Wiki Spam Report
----------------

I thought I would take some time and report on the wiki spam situation
on RubyGarden.  As I hope you have noticed, the wiki has been
remarkably spam free.  This email will tell you what measures we have
taken to get to this point.

But first ...

Some Numbers
------------

Over the past 10 days, we have had:

  93 updates to the wiki page, all (AFAICT) spam free.
     (although I might have missed spotting some).

  46 updates to the wiki tarpit.  Of those, we had ...
     3 innocent updates
     2 questionable updates
     1 update by me
    40 spams

The Mechanism
-------------

Spammers are automatically routed to a wiki tarpit.  The tarpit is an
(almost) exact copy of the real RubyGarden wiki.  Making changes to
the tarpit looks as if you are making changes to the real wiki.  And
since spammers get their pages from the wiki, it looks like (to them)
that they have successfully spammed our site.

However, everyone else never gets to see the spam.

By tricking the spammers into thinking they are successful, they don't
put any additional effort into bypassing our spam detection criteria.
This is important!  When we explicitly denied them access to the wiki,
then went to great lengths to figure out how to get around the
restrictions.  I haven't seen any of that kind of probing with the
tarpit.

Detecting Spammers
------------------

The current spammer detection logic is based on two observations:

(1) Spammers almost never use an IP address that has reverse lookup
enabled.  This effectively means that it appears (to the wiki
software) that your host name looks like a numeric IP address.

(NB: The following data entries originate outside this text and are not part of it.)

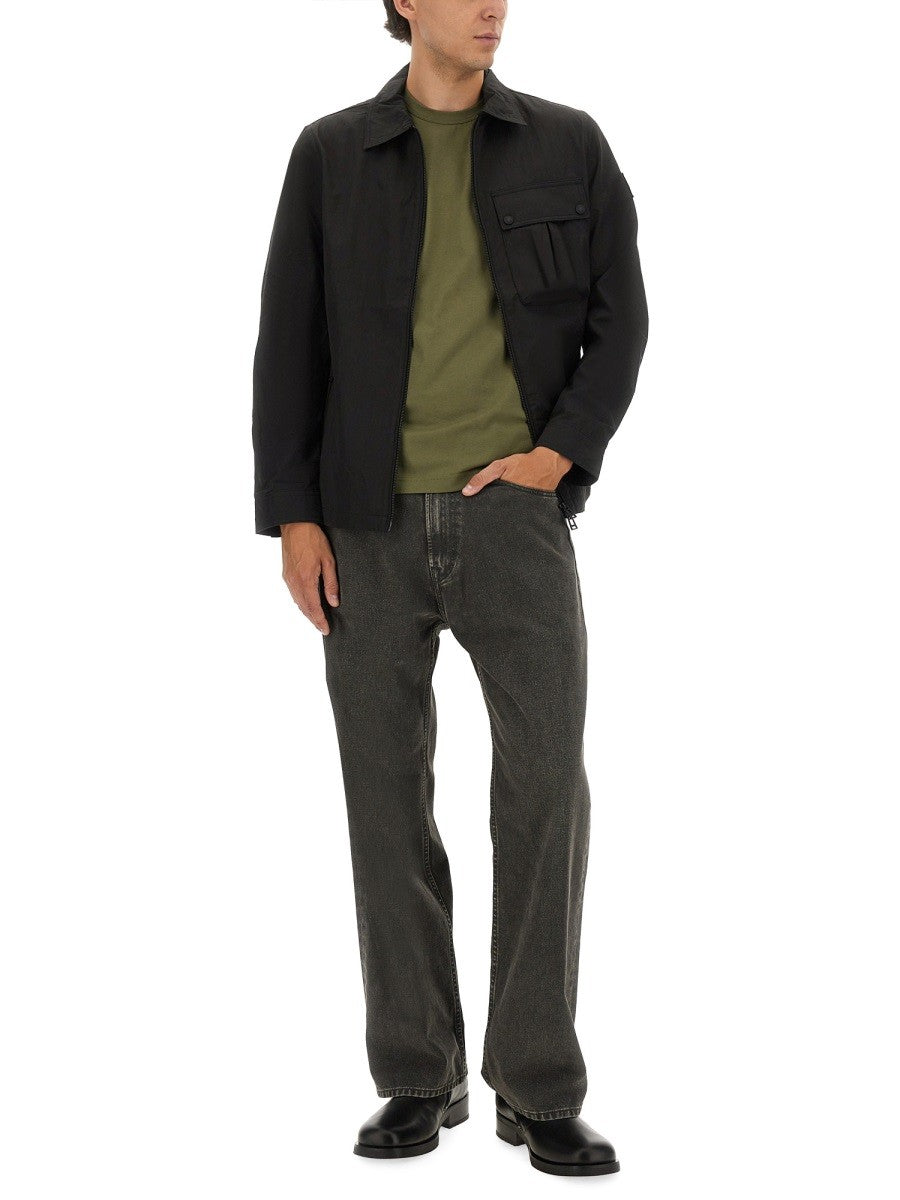 BELSTAFF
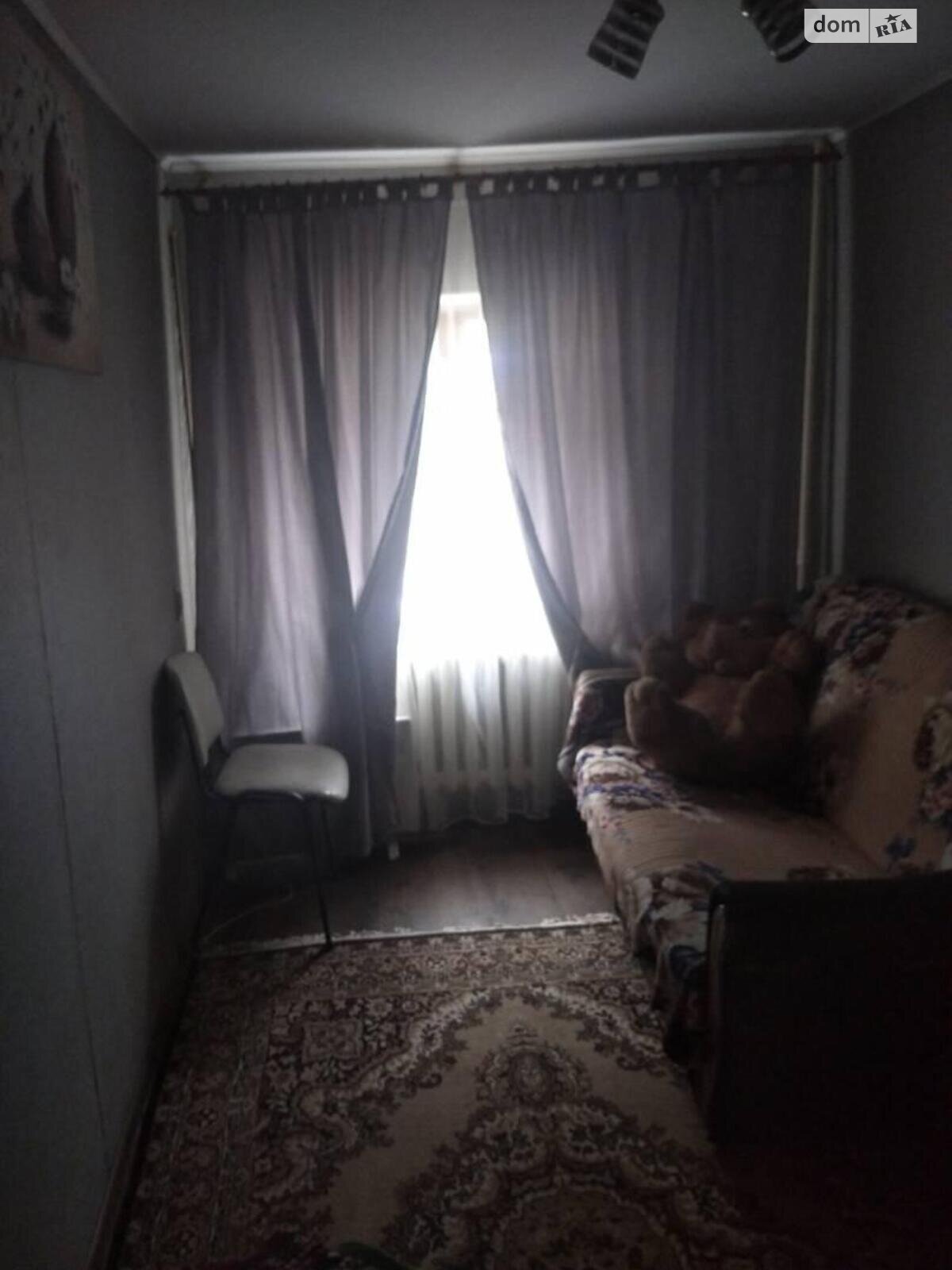 Продажа части дома в Одессе, улица Блока, район Хаджибейский, 3 комнаты фото 1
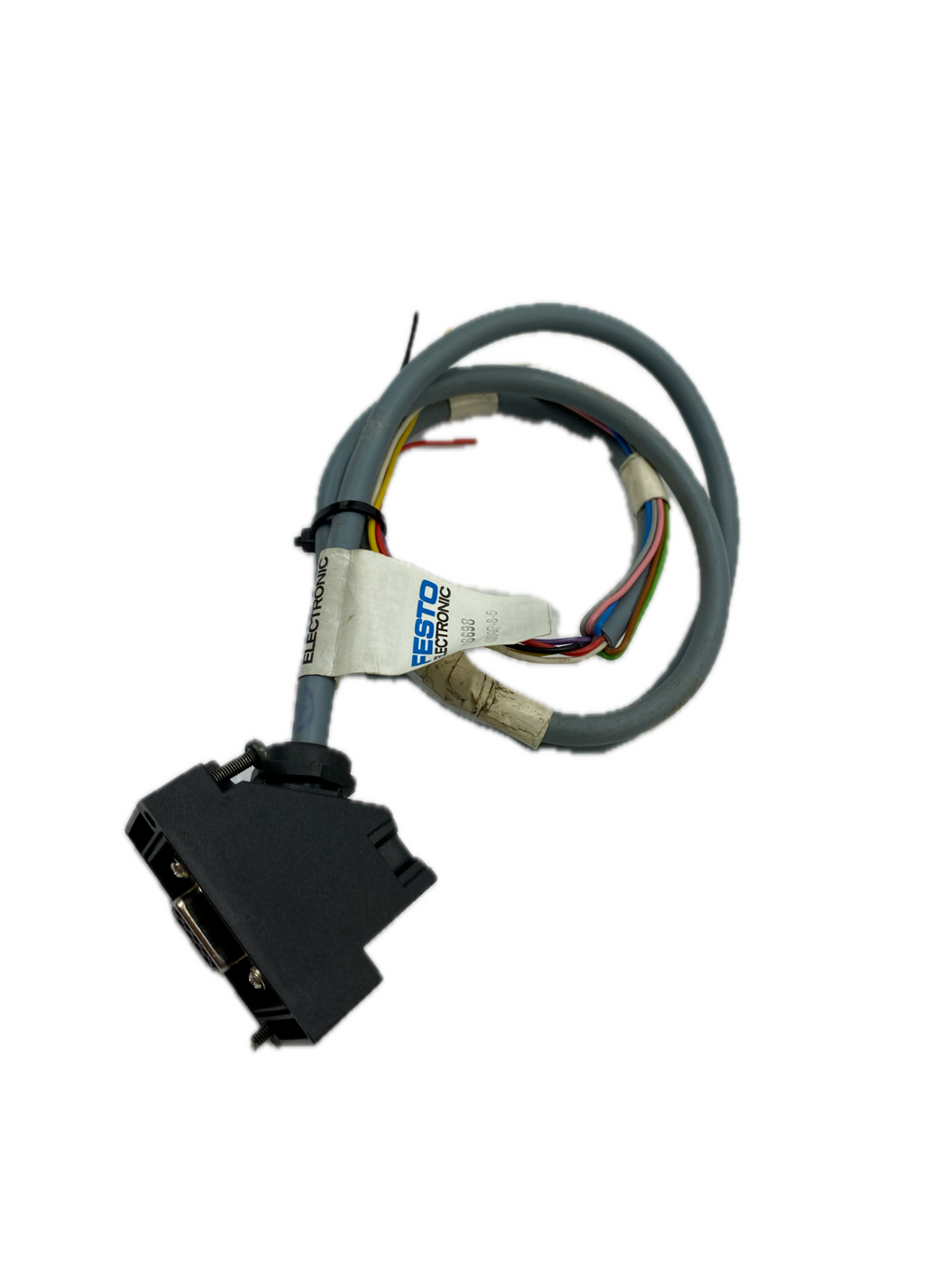 FESTO KMP3-9P-8-5 18698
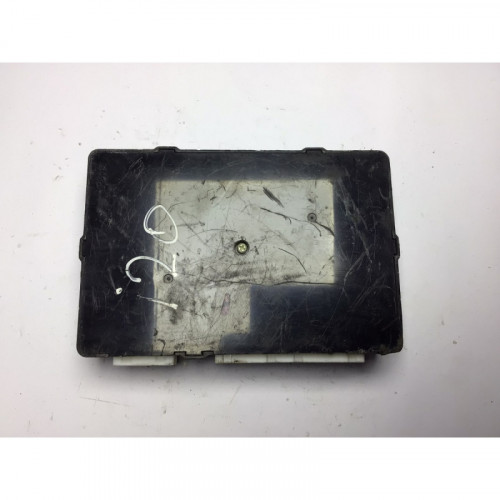 Hyundai I20 Kompe BCM Unitesi 954001JBG0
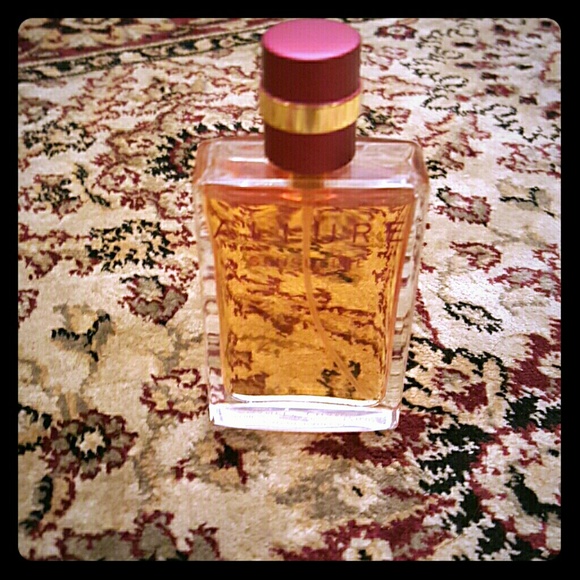 CHANEL Other - Allure chanel sensual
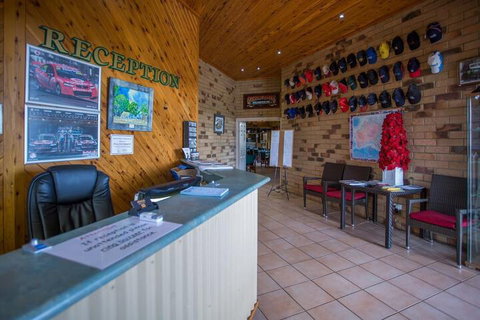 Abacus Motel - Accommodation Port Macquarie 6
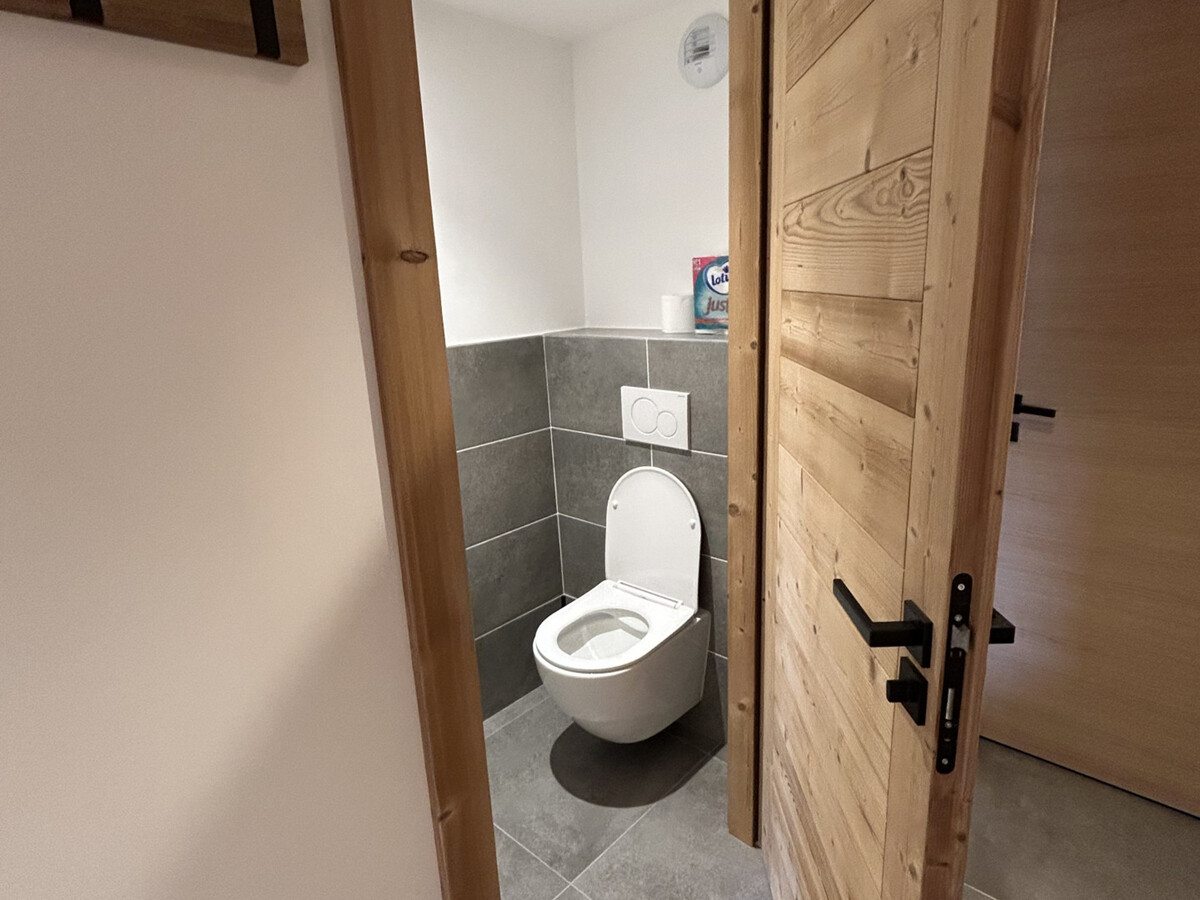 Appartement 3 chambres aux Carroz avec parking couvert - Photo 16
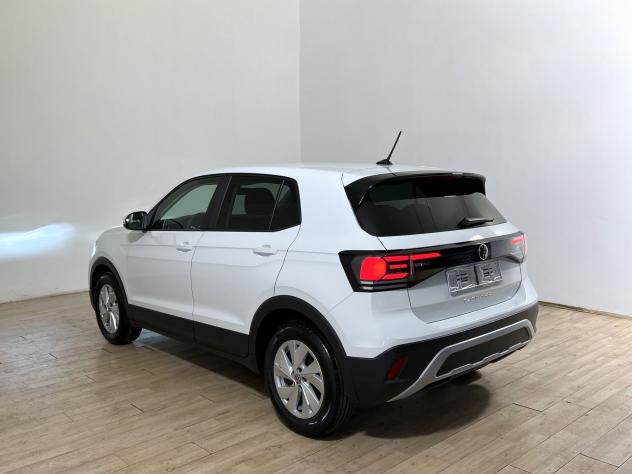 Volkswagen T-Cross T-Cross 1.0 tsi Trend 95cv - Foto 6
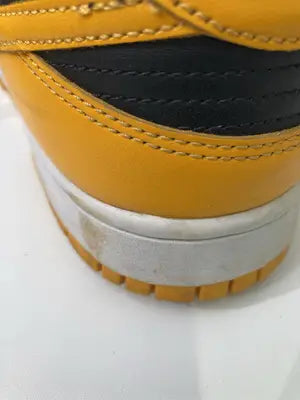 NIKE/ナイキ/スニーカー/シューズ/オレンジ/28cm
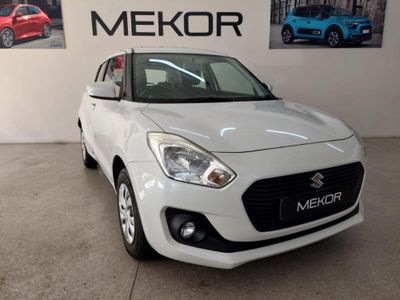 2021 Suzuki Swift 1.2 GL Auto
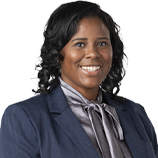 Partner, Yolanda M. McKenney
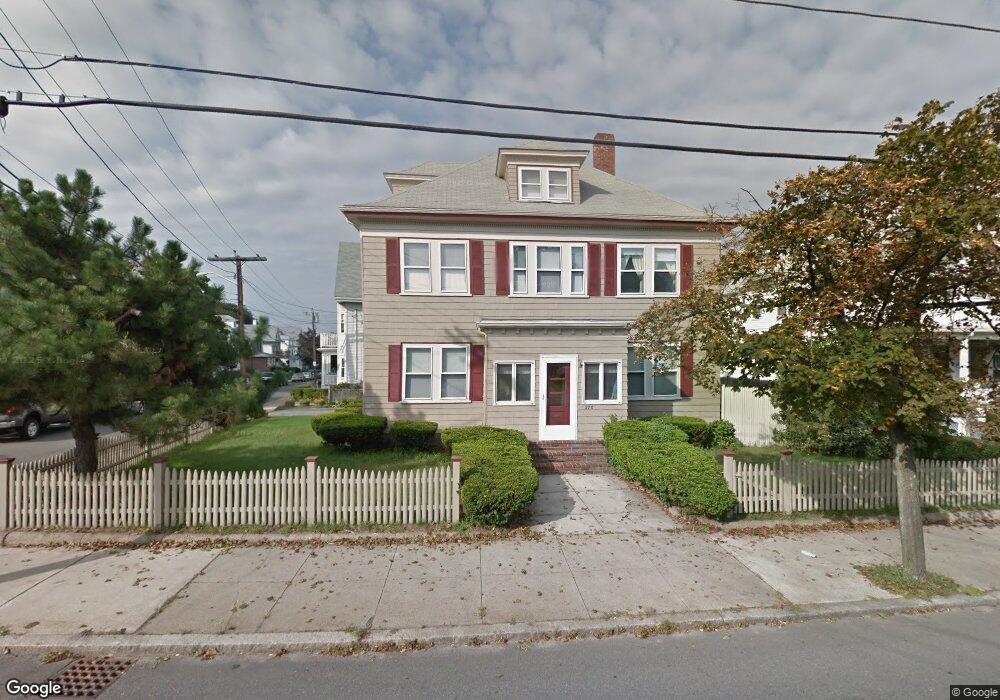 278 Main St, Winthrop, MA 02152 - photo 1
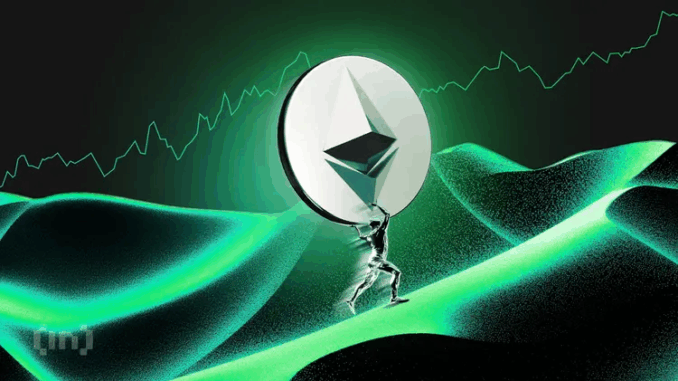 Is $12,000 in the Cards for the Ethereum Price?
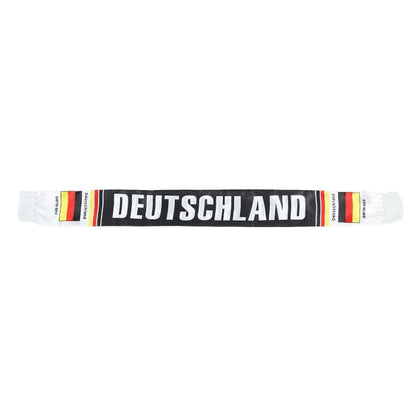 Worldcup Fanschal Deutschland – Für Stadion, Alltag & Als Geschenk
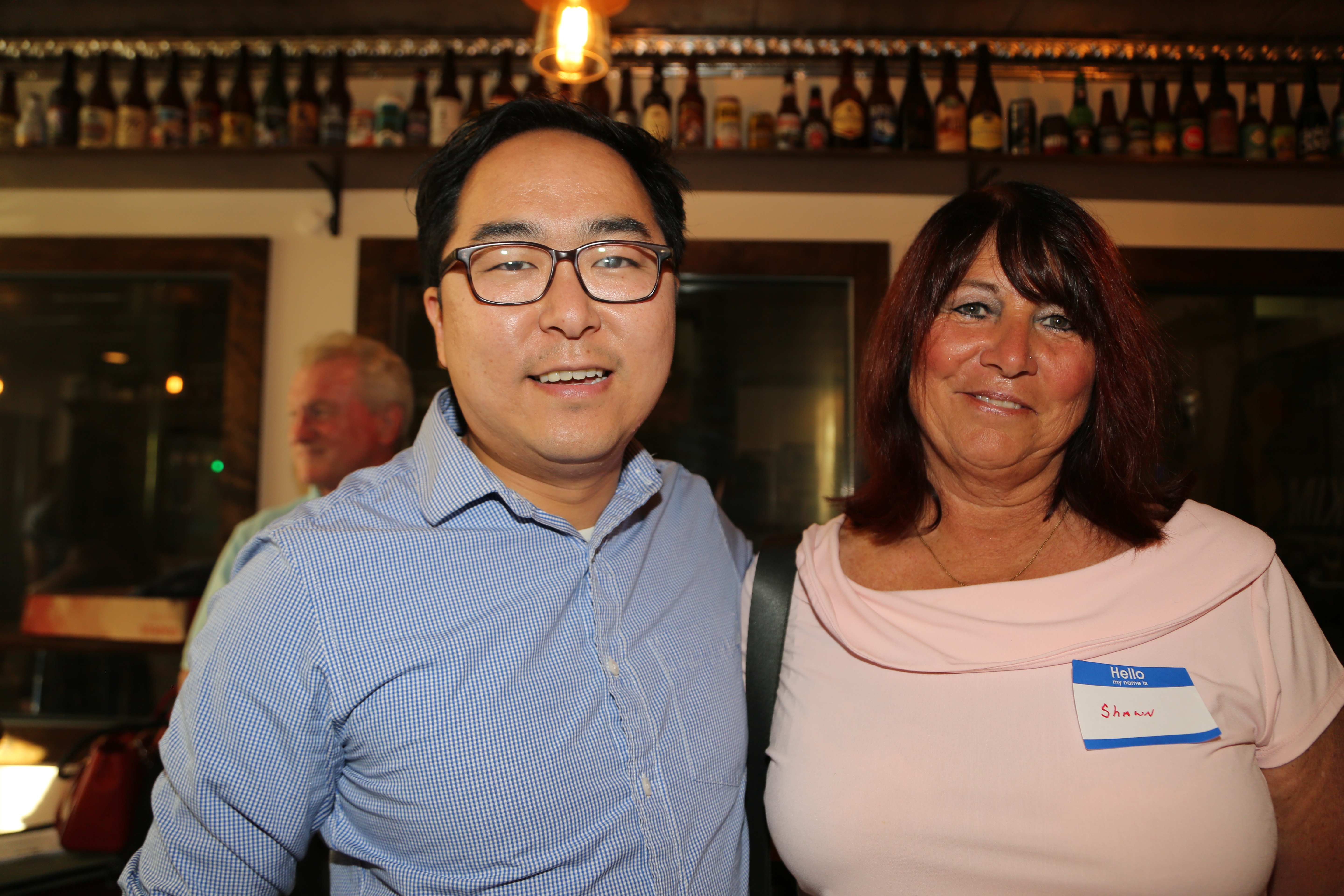 Breakfast With Andy And Sha Na Na Andy Kim For Congress breakfast with andy and sha na na andy kim for congress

(2) Spammers almost never set user preferences on the wiki.

So if both of these conditions are true, we treat the access as a spammer
and send it to the tarpit.

Now this isn't perfect, but that's OK.  We also have a explicit ban
list for spammers who pass one of (1) or (2) above.  And we have an
explicit allow list that overrides the automatic spammer detection.

Innocent Users
--------------

Can innocent users get trapped by the Tapit?  The short answer is yes.
However, we are monitoring the tarpit and will attempt to rescue such
users.

In the past 10 days, there were at least 3 page updates that were from
innocent users.  One guy (bless his heart) even removed some spam from
the tarpit for us.

When I see innocents trapped in the tarpit, I add their IP address to
the allow list and manually update the wiki with their changes (if
they are significant).

Detecting the Tarpit?
---------------------

The tarpit is deliberately designed to look like the original wiki, so
it is sometimes difficult to tell when you are trapped.  Here's some
suggestions.

You are probably in the Tarpit when:

* there are a lot of recent updates made with numeric IP addresses
  rather than host names.

* a lot of the pages have spam.

Although neither of these suggestions are foolproof.  I refresh the tarpit
from the real wiki occasionally (to keep it looking realistic). 
Immediately after a refresh it is /very/ difficult to tell the difference.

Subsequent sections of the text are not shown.